Évidemment, ce changement éprouvé par la Chine est positif. On sait par exemple que le niveau de vie des Chinois s’est beaucoup amélioré. Néanmoins, je ne voudrais pas donner l’impression que la Chine a atteint « la perfection ». Car ce n’est pas la réalité. Il existe encore beaucoup de problèmes en Chine : il faut poursuivre la construction de l’État de droit ; les réformes politiques doivent évoluer avec leur temps ; dans le domaine économique, il faut que la Chine bascule d’un mode de croissance stimulée par le commerce extérieur à un mode de croissance stimulée par la demande intérieure, et que l’innovation plutôt que l’investissement devienne le moteur du développement. Autant de « montagnes » qui s’élèvent déjà ou s’élèveront sur la voie du développement de la Chine. Parmi ces « montagnes », faire en sorte que dans la nouvelle ère, l’innovation technique et scientifique pilote le développement économique de la Chine est la plus haute à gravir.

 

Si l’on désigne aujourd’hui la Chine comme l’« usine du monde », ce pays a cependant longtemps été considéré comme un pays qui ne faisait rien d’autre que de sous-traiter des matériaux fournis par les autres pays.

 

À un moment donné, la Chine a eu besoin d’un transfert technologique en provenance des pays occidentaux. Malheureusement, pendant longtemps, les pays développés occidentaux ont eu l’impression que la Chine cherchait à ouvrir ses marchés en échange des technologies et qu’elle entendait pousser les pays développés à lui livrer leurs techniques les plus avancées. Certains pays ont alors réagi par le refus, le TGV français en est l’exemple le plus représentatif.

Dans les années 1990, la Chine a voulu importer le TGV. À cette époque, trois choix s’offraient à elle : le TGV français, l’ICE allemand et le Shinkansen japonais. Je me suis alors rendu en Allemagne pour réaliser une interview dans l’entreprise Siemens puis en France où j’ai pu interviewer des représentants du TGV. Je suis même monté à bord du train qui avait établi le record mondial de vitesse à 518 km/h… J’ai publié une série d’articles qui comparaient les trains français et les trains allemands.
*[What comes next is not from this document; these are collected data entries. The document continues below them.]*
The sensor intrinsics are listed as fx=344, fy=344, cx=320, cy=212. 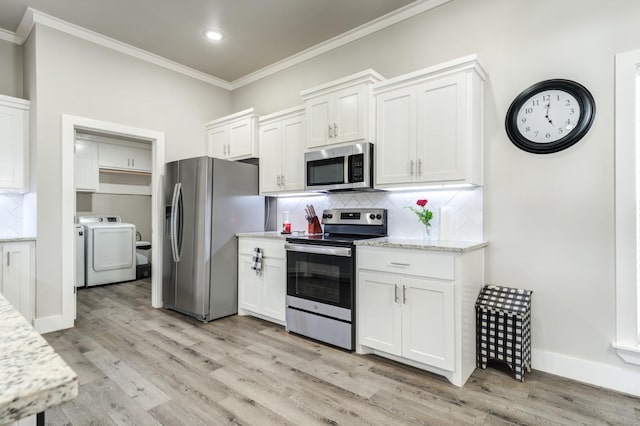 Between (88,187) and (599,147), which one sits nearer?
(599,147)

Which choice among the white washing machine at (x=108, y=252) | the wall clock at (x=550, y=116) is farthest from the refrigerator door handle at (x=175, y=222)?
the wall clock at (x=550, y=116)

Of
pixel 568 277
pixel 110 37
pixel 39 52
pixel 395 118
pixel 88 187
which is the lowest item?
pixel 568 277

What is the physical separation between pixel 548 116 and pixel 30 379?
2956mm

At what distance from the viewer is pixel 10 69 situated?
357 cm

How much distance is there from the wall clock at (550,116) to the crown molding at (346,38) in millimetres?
1138

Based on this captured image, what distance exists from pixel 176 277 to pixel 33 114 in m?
2.10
Les trains français étaient plus sécurisés, plus rapides et leur prix plus raisonnable. Zhu Rongji, alors maire de Shanghai, a effectué une visite en France. Une de ses missions était d’étudier le TGV français.

 

Je me souviens très bien que Zhu Rongji ne tarissait pas d’éloges sur le TGV français. Mais la France a refusé d’effectuer un transfert technologique, et l’accord n’a jamais été signé. Pourtant, la France n’a fait aucune difficulté pour exporter son TGV en Corée du Sud, acceptant de transférer sa technologie.

 

La suite de l’histoire, tout le monde la connaît : une dizaine d’années après la rupture des négociations, la Chine a réussi à fabriquer son propre TGV. Aujourd’hui, tous les trains qui circulent sur le territoire chinois sont 100 % chinois. De plus, le TGV chinois est devenu un grand concurrent du TGV français sur le marché international. Et l’entreprise française Alstom n’a plus d’autre choix que de s’unir avec les Allemands pour faire face à la concurrence du TGV chinois… Pour moi, la situation actuelle résulte directement de la décision qui a été prise par la France à l’époque.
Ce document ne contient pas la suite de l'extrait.